In this session, we will work with a dataset that describes the total abundance of beetles in different types of land use: natural forest (primary vegetation) and areas used for livestock grazing (pasture).

In this session, we will work with the cars dataset that we have used previously:

library(dplyr)

url("https://www.dropbox.com/scl/fi/4olcttgagt0sd92hg64vk/Ewers2007BeetleData.rds?rlkey=14c8qby2023lt9924bi3th0ee&dl=1") %>%
  readRDS() -> beetles

Because total abundance can only take positive values, and because the distribution of those values is highly right-skewed, we will start by log transforming this variable.

beetles %>% mutate(LogAbundance = log10(Total_abundance)) -> beetles

Specifically, we will use ANOVA to test whether the (log-transformed) total abundance of beetles varies according to land use Let’s start by plotting a boxplot of this relationship:

library(ggplot2)
ggplot(data = beetles,mapping = aes(x = LandUse,y = Total_abundance)) + 
  geom_boxplot(mapping = aes(fill = LandUse), notch = TRUE) + 
  scale_y_continuous(transform = 'log10') + 
  theme_classic()

It certainly looks as though there is higher beetle abundance in natural forests compared to pastures, but we will use an ANOVA to test whether this is a statistically significant relationship.
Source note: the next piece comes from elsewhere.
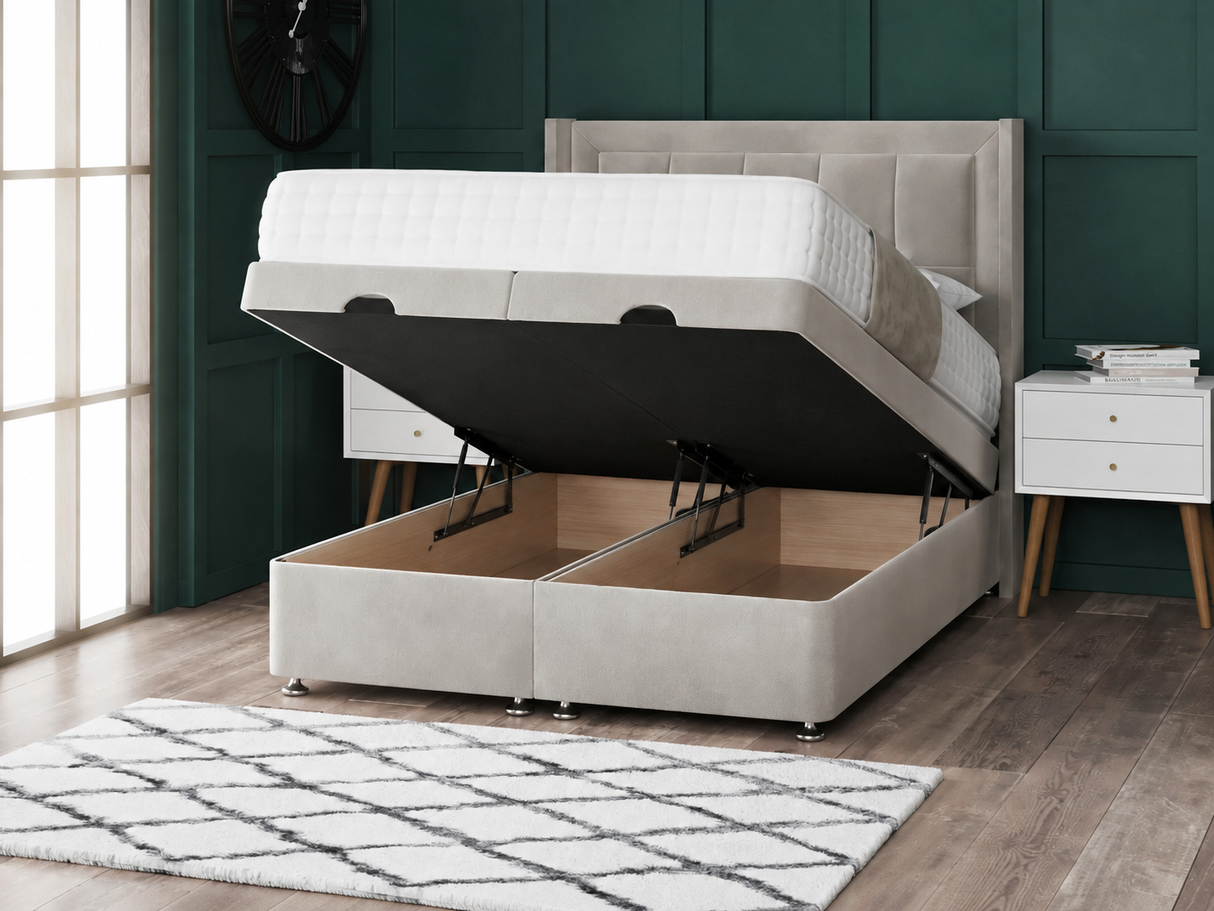 Venice Ottoman Storage Divan Bed With Floor Standing Wing Headboard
Manual Calculation of ANOVA

Basic principles of ANOVA

To run an ANOVA by hand, we first need to calculate the F ratio. We can then compare this value to the F distribution to obtain a P value (i.e., the probability of obtaining the observed differences among groups by chance, given the null hypothesis that there are actually no differences among the groups). The F ratio is the ratio of the mean of squares between groups to the mean of squares within groups: \[F = \frac{MS_{between}}{MS_{within}}\]

The mean of squares is the sum of squares divided by the degrees of freedom: \[MS_{between} = \frac{SS_{between}}{DF_{between}}\] \[MS_{within} = \frac{SS_{within}}{DF_{within}}\]

For a dataset with \(N\) total samples and \(K\) treatment groups, the degrees of freedom are as follows: \[DF_{between} = K - 1\] \[DF_{within} = N - K\] \[DF_{total} = N - 1\]

The sums of squares are sums of squared deviances.

  1. The total sum of squares is the sum (across each group \(k\), and each data value \(i\) within each group) of the squared differences between each recorded data value, \(Y_{ik}\), and the grand mean of data values in the whole dataset \(\overline{Y}\): \[SS_{total} = \sum_{k=1}^{K}{\sum_{i=1}^{I}{(Y_{ik} - \overline{Y})^2}}\]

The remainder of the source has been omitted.